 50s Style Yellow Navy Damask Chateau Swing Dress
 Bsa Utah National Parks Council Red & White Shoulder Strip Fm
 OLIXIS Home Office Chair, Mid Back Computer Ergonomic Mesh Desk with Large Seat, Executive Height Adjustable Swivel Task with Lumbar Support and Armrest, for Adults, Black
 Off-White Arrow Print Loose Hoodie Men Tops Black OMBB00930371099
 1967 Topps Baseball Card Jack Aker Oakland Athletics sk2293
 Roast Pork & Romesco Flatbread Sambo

- Problem details -
Retype the entries word for word.

- Solution to the problem -
 50s Style Yellow Navy Damask Chateau Swing Dress
 Bsa Utah National Parks Council Red & White Shoulder Strip Fm
 OLIXIS Home Office Chair, Mid Back Computer Ergonomic Mesh Desk with Large Seat, Executive Height Adjustable Swivel Task with Lumbar Support and Armrest, for Adults, Black
 Off-White Arrow Print Loose Hoodie Men Tops Black OMBB00930371099
 1967 Topps Baseball Card Jack Aker Oakland Athletics sk2293
 Roast Pork & Romesco Flatbread Sambo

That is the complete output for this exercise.